しかし、娘の夢を手放しで喜べるほど、明治の現実は甘くはありませんでした。
美津から衝撃的な事実として告げられるのは、横浜の老舗造り酒屋から来ているという、一ノ瀬家の威信を回復させるための新たな縁談の話です。
自らの足で歩もうとするナースへの情熱と、家族を背負わなければならない長女としての責任の間で、りんがどのような葛藤を見せるのかが大きな見所になるでしょう。
また、詐欺に遭い心に深い傷を負ったはずの直美が、どのように立ち直り、捨松との翻訳作業を通じて再び看護の道へと目を向けていくのかも目が離せません。
まとめ
■過去を振り切り、未来へと吹く風を信じて
第19話は、りんが「誰かに守られる存在」であることをやめ、自らの足で立つ一人の人間へと脱皮する、極めて重要なエピソードでした。

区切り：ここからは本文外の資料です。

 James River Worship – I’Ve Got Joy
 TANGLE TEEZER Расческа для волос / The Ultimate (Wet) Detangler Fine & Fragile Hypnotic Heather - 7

貞という思わぬ理解者の助けを借りて過去に終止符を打った彼女は、今まさに新しい時代の風に乗ろうとしています。
史実をモデルにしながらも、現代の私たちにも通じる「生きづらさとの戦い」を描く本作の力強さには、毎朝背中を押される思いがしますね。
明日、新たな壁に直面するりんがどんな表情を見せてくれるのか、彼女と直美が「最強のバディ」へと成長していく道のりを、これからも熱く見守り続けていきましょう。